Print the line that contains "Physical 3D Map", then every line after it until the entries end, exactly as they read; do not include pictures.

> [Extracted records]
◇ ◇ ◇ ◇ ◇
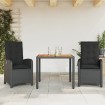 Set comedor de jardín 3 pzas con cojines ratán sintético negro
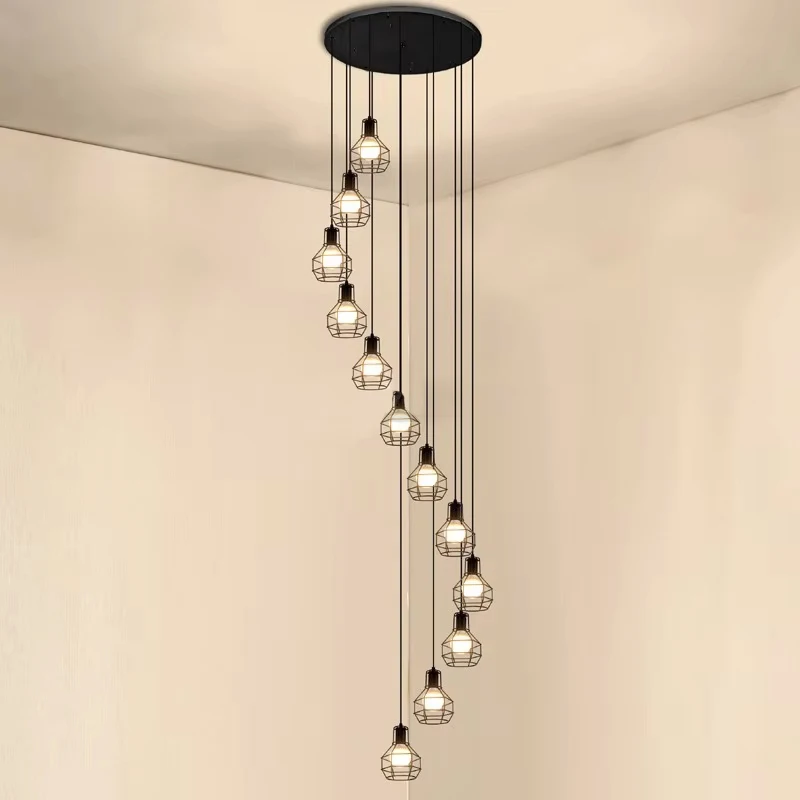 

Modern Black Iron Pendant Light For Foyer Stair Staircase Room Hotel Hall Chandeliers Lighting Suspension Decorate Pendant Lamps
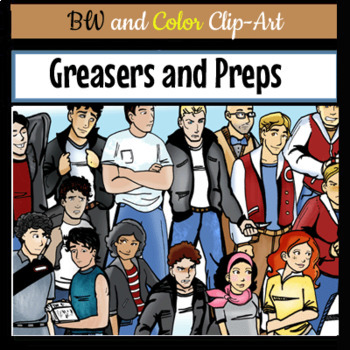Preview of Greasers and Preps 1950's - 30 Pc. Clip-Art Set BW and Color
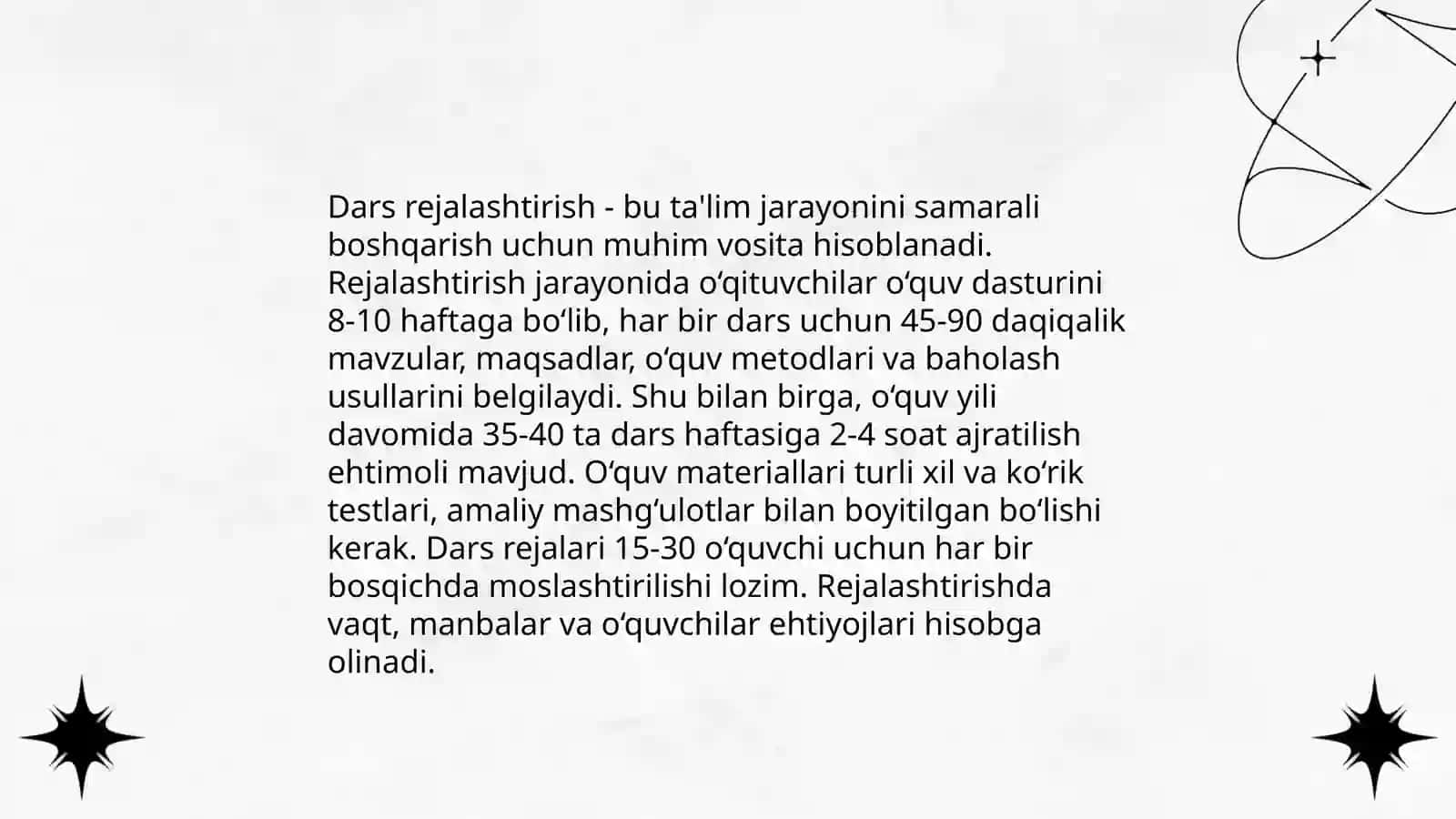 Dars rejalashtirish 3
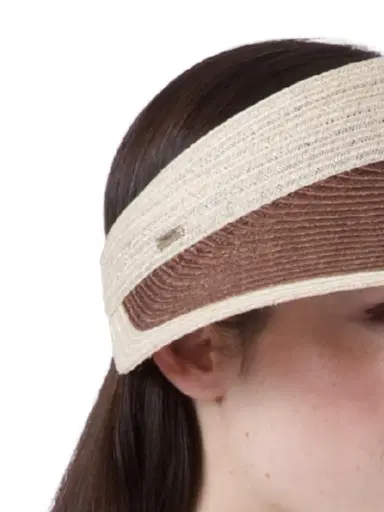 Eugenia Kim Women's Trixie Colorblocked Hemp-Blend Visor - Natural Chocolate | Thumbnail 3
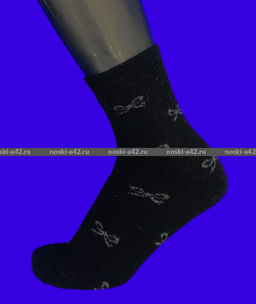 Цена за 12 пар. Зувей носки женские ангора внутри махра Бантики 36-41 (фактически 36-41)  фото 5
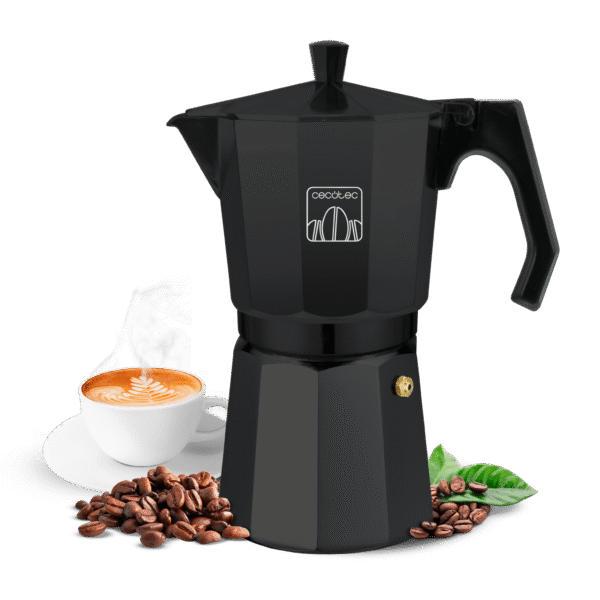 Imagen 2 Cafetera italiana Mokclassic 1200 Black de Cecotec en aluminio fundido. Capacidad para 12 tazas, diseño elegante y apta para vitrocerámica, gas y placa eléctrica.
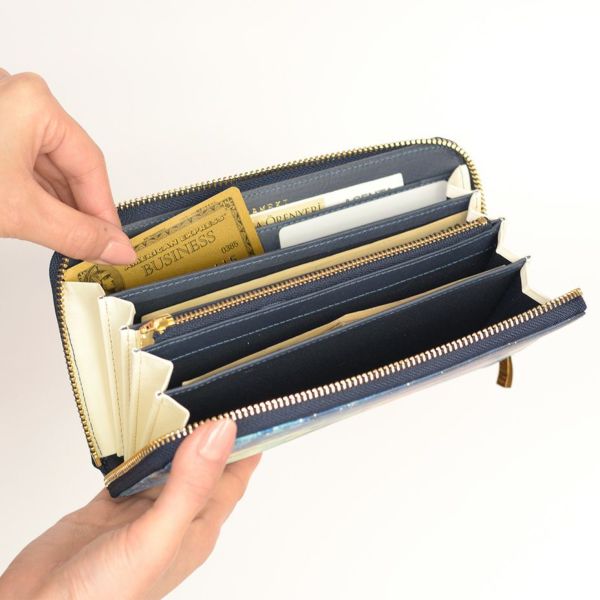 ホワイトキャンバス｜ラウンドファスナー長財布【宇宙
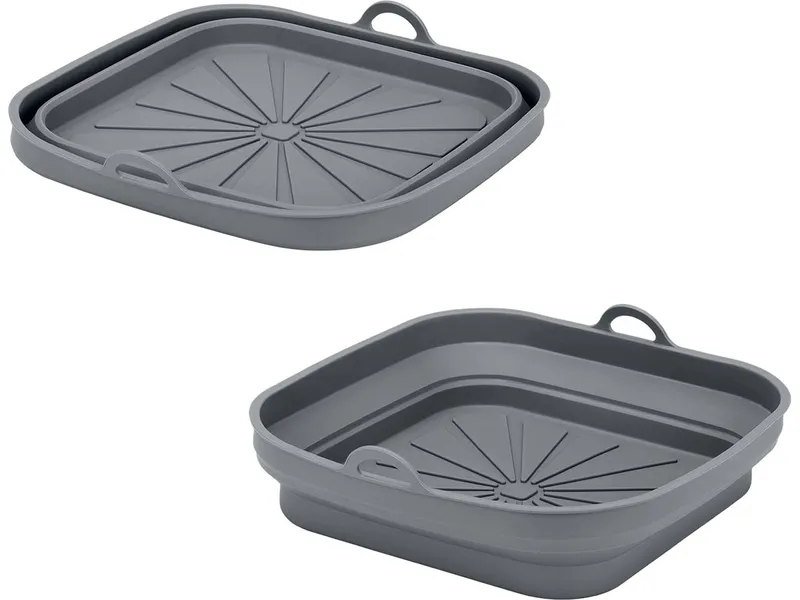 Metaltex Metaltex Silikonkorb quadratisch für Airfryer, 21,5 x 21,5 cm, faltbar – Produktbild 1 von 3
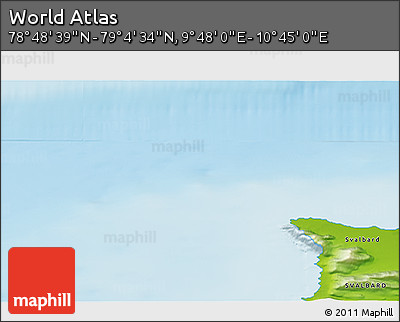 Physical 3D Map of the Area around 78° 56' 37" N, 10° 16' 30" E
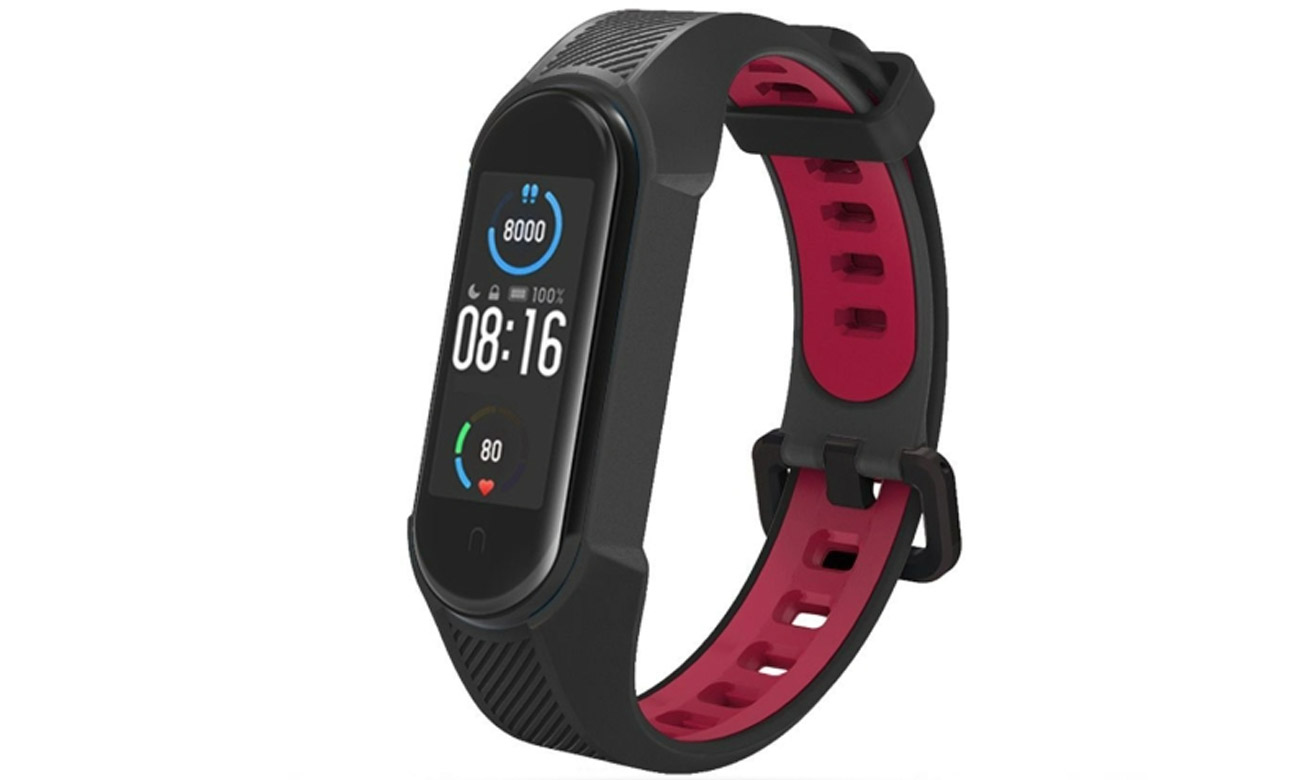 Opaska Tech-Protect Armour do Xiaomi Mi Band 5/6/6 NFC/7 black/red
◇ ◇ ◇ ◇ ◇
> [Response area]
 Physical 3D Map of the Area around 78° 56' 37" N, 10° 16' 30" E
 Opaska Tech-Protect Armour do Xiaomi Mi Band 5/6/6 NFC/7 black/red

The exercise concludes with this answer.